Saturday, April 28, 2007
Poetry of death - 3
The trouble with my hair
The trouble with my hair is that it is linked to a memory
Linked to a person
Linked to laughter
And to someone else’s dreams
It is linked to my birthdays
To very practical advice and my wedding day
It is linked to Lisa
It is linked to Anna straightening it with her new Daddy's cell phone
In church on Sunday morning and muttering 'What will we do with your haaira.'
This day it is pink streaks
'You aways where deese earrings to chuch.'
The trouble with my hair is that if it grows it only means more time has passed since she left
And everyday when I'm done styling it looks the same - flat
And I know she would say 'Uh, maybe you need to come see me.'
If I trim it myself it's as if I can hear her 'Don't do that! Just come by and I'll trim it for you quick.'
If I get it trimmed it feels like a temporary solution to an enduring ache
If I cut it short it feels like her life - cut short, just ended with no resolve
Dreams not lived out but perhaps in exchange for a greater dream, for a different plan, one that I don't understand and don't question
When it is cut short, it feels like I'm moving on but not through
The trouble with my hair is that it doesn't feel fully mine
I don't know what to do with it without her telling me
The trouble with my hair is that it makes me remember and never forget
And I never want to forget
That I had a friend named Lisa who had 3 passions
Her little princess, Anna
c. 2006 - by Sonia Spooner (used with permission)
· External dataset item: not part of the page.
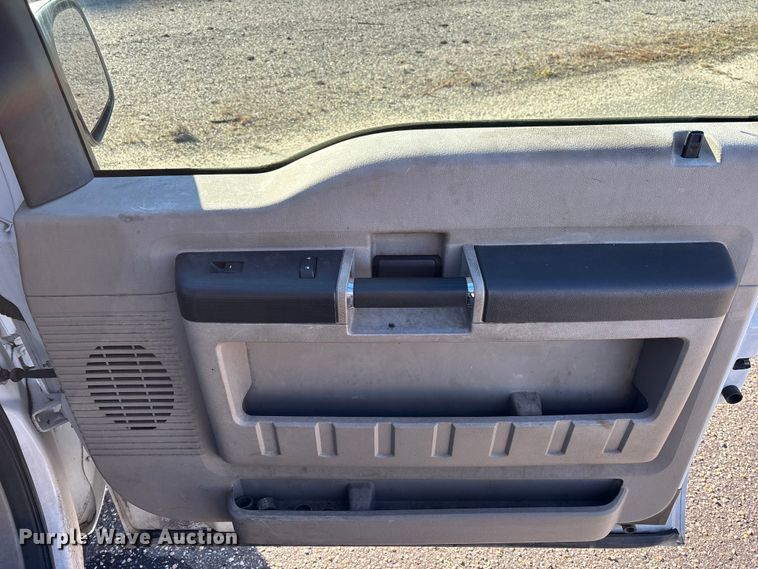 image for item DU0353 2008 Ford F250 Super Duty XL Ext. Cab pickup truck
When I saw this poem on my daughter’s MySpace, I teared up. Because unlike other deaths she experienced last year – both her grandmas, who were old – Lisa was young, in her 20s and Sonia's good friend. She died suddenly from a blood clot, at the beach, in the middle of playing soccer with her family.
I’d say if you’re hurting or angry or mystified or grieving – write about it. Write a poem. Poems can be more raw, with less explanation and setting the stage. Writing like this aids healing.